▶ _Assignment_
Every record below is to be restated word for word, and no picture is to be copied.

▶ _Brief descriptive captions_
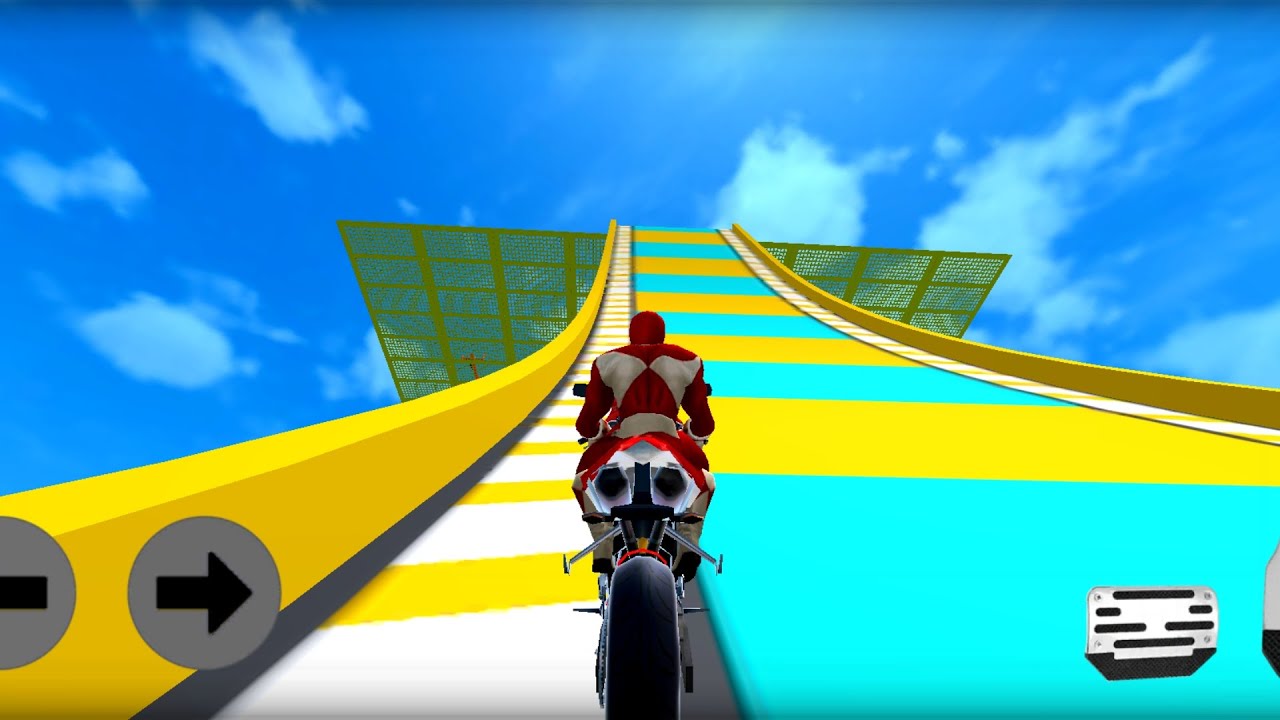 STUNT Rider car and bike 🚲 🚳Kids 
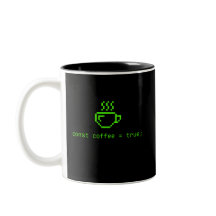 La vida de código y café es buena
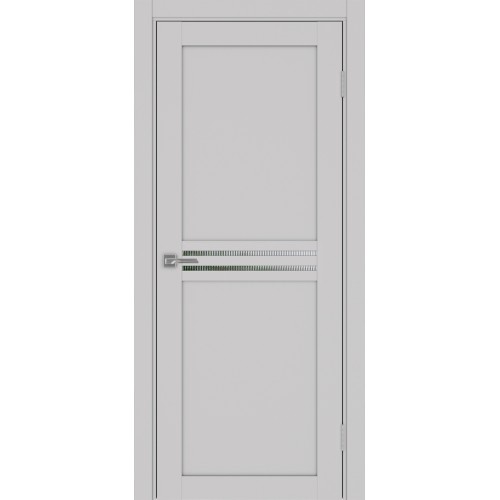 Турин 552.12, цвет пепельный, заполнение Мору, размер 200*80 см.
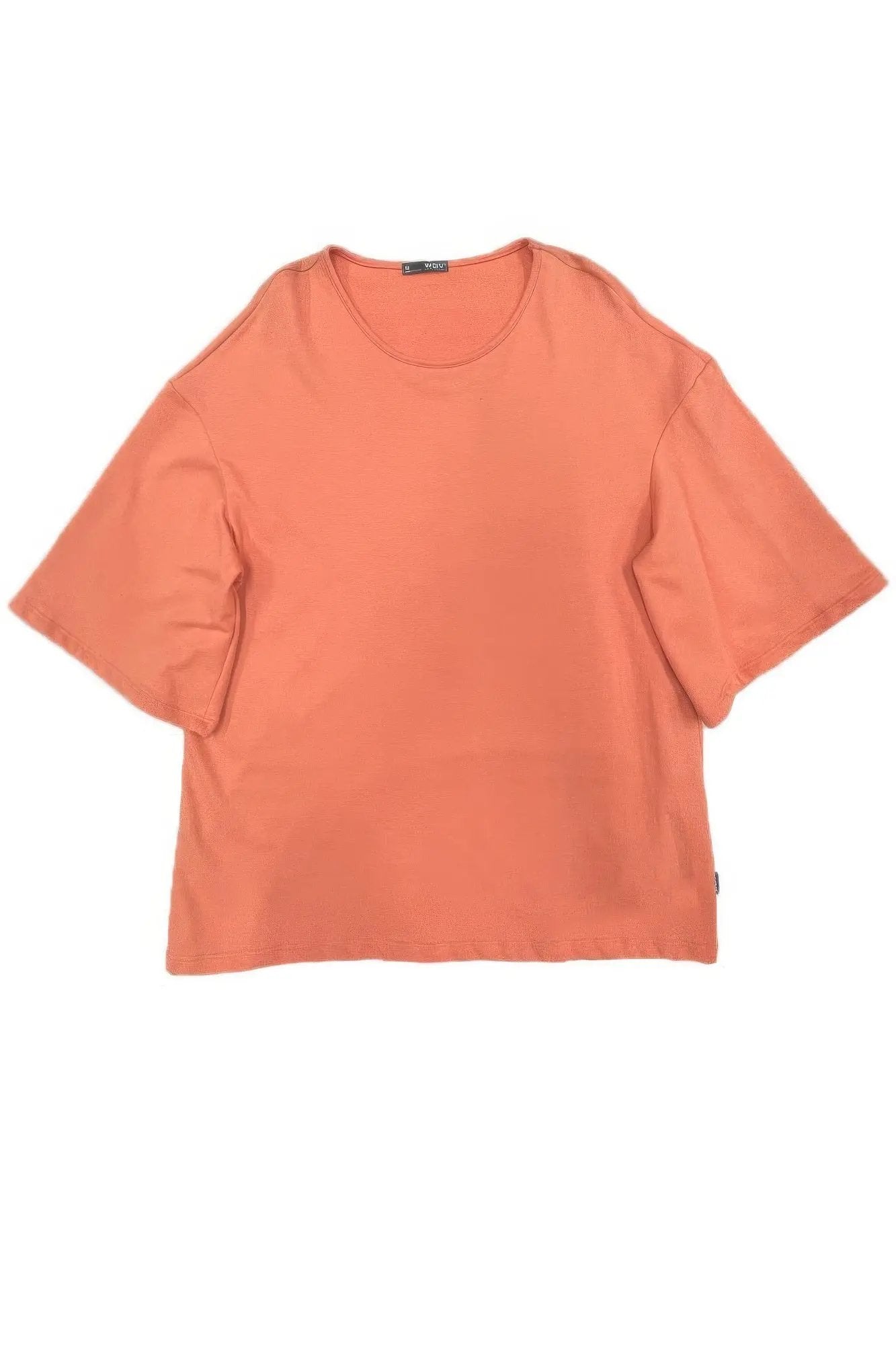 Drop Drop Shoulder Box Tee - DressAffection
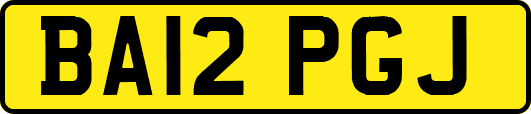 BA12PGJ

▶ _Answer section_
 STUNT Rider car and bike 🚲 🚳Kids 
 La vida de código y café es buena
 Турин 552.12, цвет пепельный, заполнение Мору, размер 200*80 см.
 Drop Drop Shoulder Box Tee - DressAffection
 BA12PGJ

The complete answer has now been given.